OAKLAND, CALIFORNIA - MAY 15: Manager Joe Maddon #70 of the Los Angeles Angels signals the bullpen to make a pitching change against the Oakland Athletics in the bottom of the seventh inning at RingCentral Coliseum on May 15, 2022 in Oakland, California. (Photo by Thearon W. Henderson/Getty Images)
Thearon W. Henderson/Getty Images

Eat that, Hemingway. The saddest thing in baseball this year could have been the abject surrenders in Oakland, Kansas City, Pittsburgh, or Washington, or the fact that the Yankees have the best record in baseball at home and on the road, which doesn't leave much for anyone else. But no. The saddest thing in baseball this year is without question Joe Maddon's haircut. 

ESPN's walking yarnspinner Tim Kurkjian told this story about Maddon's last attempt to jolt the Los Angeles Angels out of their clubhouse-to-outfield-wall torpor, and it was a story worthy of Lifetime Television's Kleenex Box Of Depression Theater.

I mean, imagine being 68 years old and out of normal ways to snap a team of excellent hitters out of a team-wide two-week slump. Imagine going to your local barber and saying, "Remember Travis Bickle? That's what I want." Then imagine getting called upstairs by general manager Perry Minasian and being told that you got the sidewalls polished for nothing. If there is a way to feel worse in baseball, it surely involves dropped pants during the National Anthem.

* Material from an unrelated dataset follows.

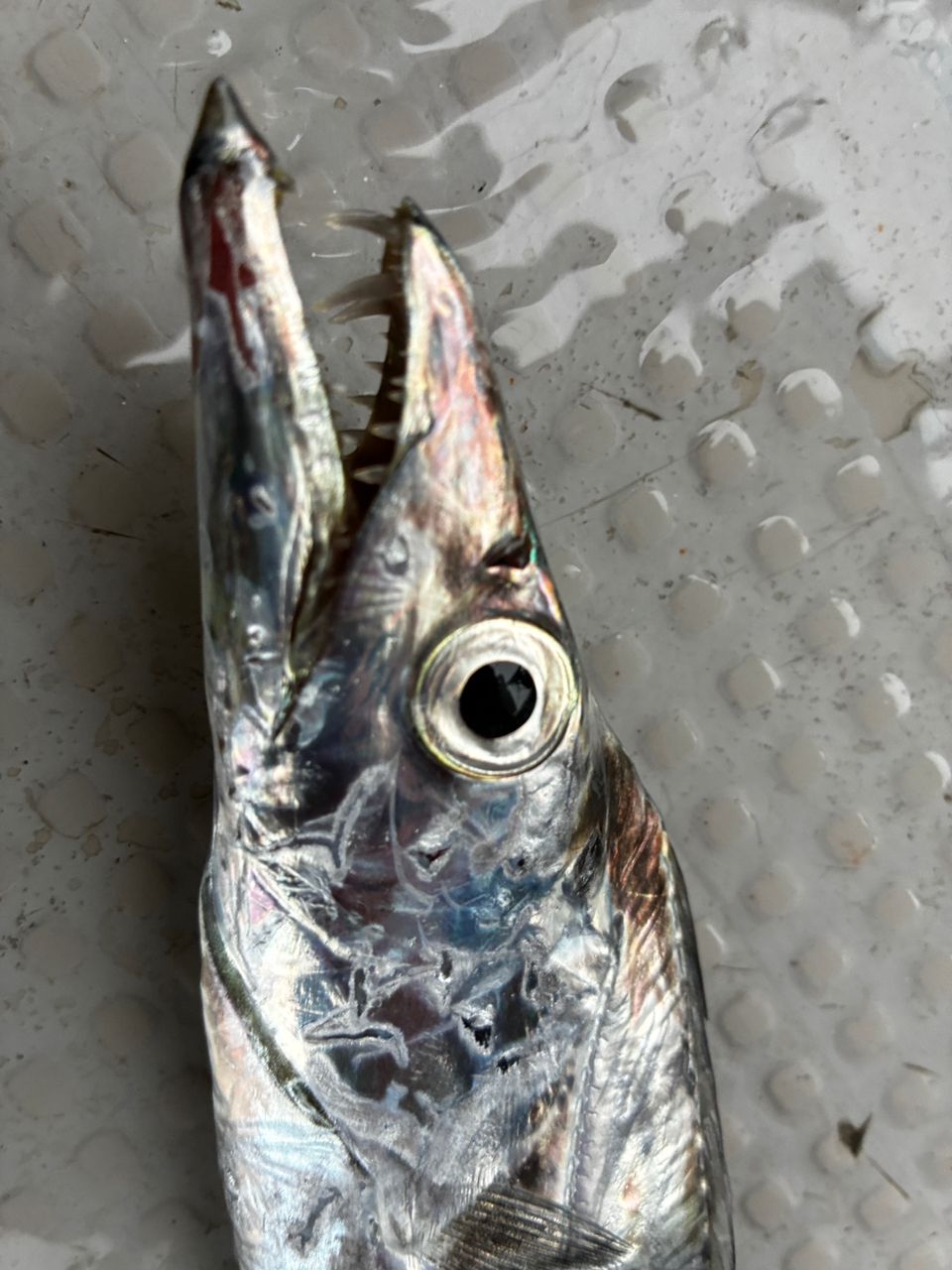 ろむさんさんの釣果 1枚目の画像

Frankly, Minasian could have at least allowed him to grow his hair out before canning him, just for services rendered. Not that the haircut would have mattered, frankly; the Angels have lost four of six since Phil Nevin and his more conventional haircut took over as manager, which suggests that the problem might not have been a managerial one. They've lost 20 of their last 25, so it's no real surprise that the turnaround the Phillies are getting under Rob Thomson isn't happening automatically for the Angels under Nevin. Maybe the Angels just, and stop us if you've heard this annually since 2015, stink.

But at least their shame doesn't stare back at them every morning when they brush their teeth. Joe Maddon gave his scalp to a team that didn't value it, and now he gets to wear his failure like a mug shot, either looking like an aging punk, wearing a balaclava throughout the brutal Anaheim summer, or staying inside until someone at Supercuts can work his or her 15-buck magic.

There is at least this, though. Joe Maddon almost made Tim Kurkjian cry on air. There are no greater tributes baseball can, or should, offer.